Many expats aren't even aware of this and react very surprised when I tell them about this, then they go check their docs and sure enough the church has been siphoning off their money and they are making their own private donations.
And as a final insult to injury: opting out costs money! Not a lot, but still.
(Sounds like you know that, for the others). You can't opt out of this, for regular income. You can only leave the church. And that can cost a bit (seems like up to 60€?), depending on where you are in Germany.
Right, exactly. So if you don't want to leave the church
you're stuck with a fixed portion of your income taken away
whether you can afford it or not. It's - from my Dutch POV -
complete madness. Not that there isn't plenty of things wrong
here but this particular thing about Germany really irks me.
I see in the Netherlands church is financed by donors, which sounds better. But here in Poland we have an even worse variant than in Germany: the Church receives money from the government every year. The quantity doesn’t depend on the number of members. In fact, even though there was a huge wave of apostasies, the amount of money grows asymptotically year after year. So everyone, regardless of membership (no opt-out), has their money given to the church and the amount seems to be going in the opposite direction than membership. That’s strictly worse than in Germany.
That's something the church decided to set up. Being a member of an organization means following their rules, and yes, that can become complex when you're in an organization with many chapters (e.g. international) where each chapter has its own quirks.
As for the fee: it's bureaucracy, and as such, it costs a processing fee. When you join, the church pays for you, when you leave, they don't.
Both of these are decisions made by the church, not the state. Bring it up with them.

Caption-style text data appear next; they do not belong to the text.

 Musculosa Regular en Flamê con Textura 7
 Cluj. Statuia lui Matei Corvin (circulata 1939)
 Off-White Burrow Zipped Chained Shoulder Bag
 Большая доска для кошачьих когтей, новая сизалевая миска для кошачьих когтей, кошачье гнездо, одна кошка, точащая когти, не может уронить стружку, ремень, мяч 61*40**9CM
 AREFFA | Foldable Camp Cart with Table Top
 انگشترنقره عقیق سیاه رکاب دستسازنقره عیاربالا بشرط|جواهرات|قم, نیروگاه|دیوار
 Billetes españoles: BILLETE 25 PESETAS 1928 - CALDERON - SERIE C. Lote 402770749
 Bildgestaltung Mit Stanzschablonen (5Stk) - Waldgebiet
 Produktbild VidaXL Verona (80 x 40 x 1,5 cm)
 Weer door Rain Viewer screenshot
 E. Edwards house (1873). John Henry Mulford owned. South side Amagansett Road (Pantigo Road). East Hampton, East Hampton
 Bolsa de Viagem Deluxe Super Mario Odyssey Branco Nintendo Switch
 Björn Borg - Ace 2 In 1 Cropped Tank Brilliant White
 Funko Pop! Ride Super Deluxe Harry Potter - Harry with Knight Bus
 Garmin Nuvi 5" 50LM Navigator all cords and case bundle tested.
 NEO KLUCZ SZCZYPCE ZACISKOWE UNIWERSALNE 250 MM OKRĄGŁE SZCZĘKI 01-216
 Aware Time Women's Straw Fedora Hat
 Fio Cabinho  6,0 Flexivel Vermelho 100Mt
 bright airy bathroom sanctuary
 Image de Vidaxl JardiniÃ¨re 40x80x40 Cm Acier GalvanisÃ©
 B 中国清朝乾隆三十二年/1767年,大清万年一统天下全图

The tax office is just the collection agent. That arrangement made more sense when wages were paid in cash, but the employer already diverted your income tax (+ "church tax") for you (and then the tax office routed the church tax portion of that to your registered church, in a time when practically everybody was member of _some_ such organization).
Maybe it should be revised or dropped, but from the government's point of view, that's a loss in income (approximately 0.08 × 0.03 ~ 0.25% of church members' income tax revenue: 400M€ in 2022 less for the tax collectors) for a service that's practically free to implement.
(full disclosure: I'm a member of an organization that chose not to use the church tax scheme for its members.)
Remember that Germany is a country where you can't even criticize the right-wing politics of Israel without being branded as an anti-semite. Discrimination against Jews does exist of course, but this brazenly?